Timbering to triple on the Monongahela National Forest?
Transcript from
West Virginia Public Radio broadcast
INTRO: The US Forest Service plans to increase the timber harvest on the Monongahela National Forest in West Virginia, reversing a recent downturn in logging there. Environmental groups see it as an alarming increase in logging that could have harmful effects on the forest’s wildlife habitat and recreational use. But the Forest Service says it’s really just a return to timbering levels the forest saw through most of the past decade.
Jeff Young reports.
U.S. Forest Service records show that for the past five years the timber cut on the Monongahela National Forest has gone steadily down, from 28 million board feet cut in 1996, to less than 8 million this year [2001]. But the Forest Service wants that trend reversed in the next two or three years.
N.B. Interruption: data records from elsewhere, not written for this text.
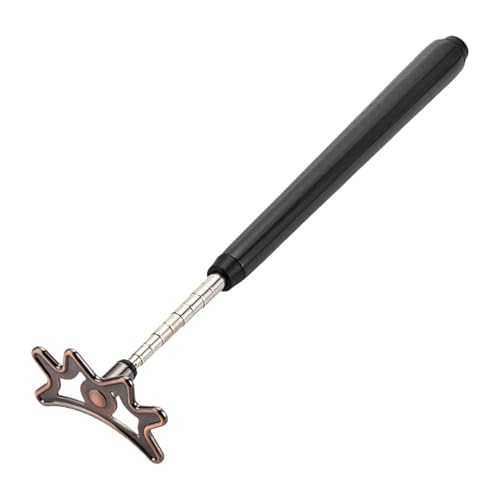 DeeRace �v�[���L���[�u���b�W�X�e�B�b�N�Z�b�g�A�L���[���X�g�A���O���\�ȃw�b�h�t���A�X�k�[�J�[�A�N�Z�T���[�A�r�����[�h�u���b�W�X�e�B�b�N�A�N���u���S�Ҍ���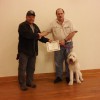 Top Dog Kennels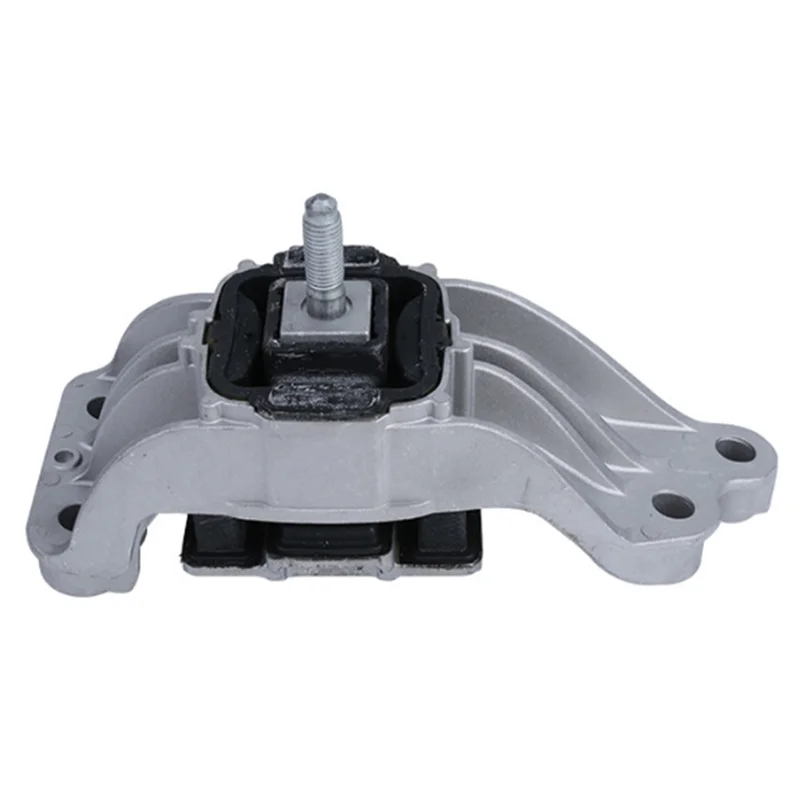 22316784357 Transmission Support Mount For MINI R55 R56 R57 R58 R59 R60 R61 N16 N18 ONE COOPER S JCW CLUBMAN COUNTRYMAN PACEMAN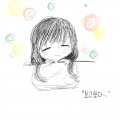 으ㅇᆞ아애.. : 으ㅇᆞ아애애어어어
시공반이오그라든다아아아 스케치판 ,sketchpan
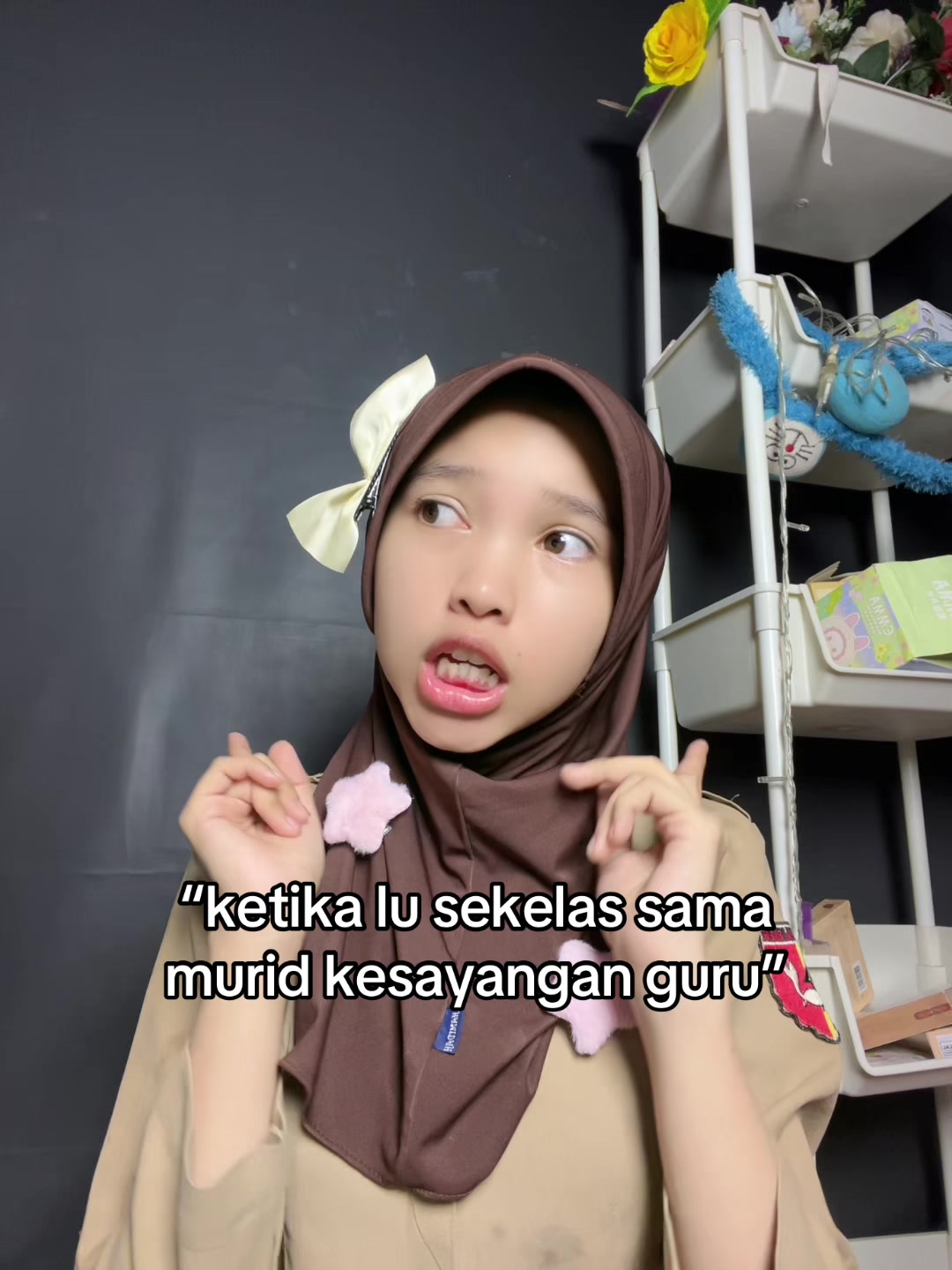 @olaf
Forest managers plan to offer timber sales of 20 million board feet a year.
Monongahela National Forest’s acting supervisor Don Carroll says the new timber sale targets are in line with what was cut on the forest for most of the past decade. CARROLL "Well, it’s not an increase if you look at what Mon harvested over the past 10 or 15 years. It’s still far less than what was harvested for most of the 80s and early 90s."
Q Yes but through those years there’s been a trend downward in the harvest. Is this a reversal of that trend?
CARROLL "It’s an effort to get back to a level we were at in the early 90s. Yeah it’s a reversal in the trend. But simply will people see more harvesting in the Monongahela in the coming years compared to what they’ve seen in the past 5 to 10 years the answer is no."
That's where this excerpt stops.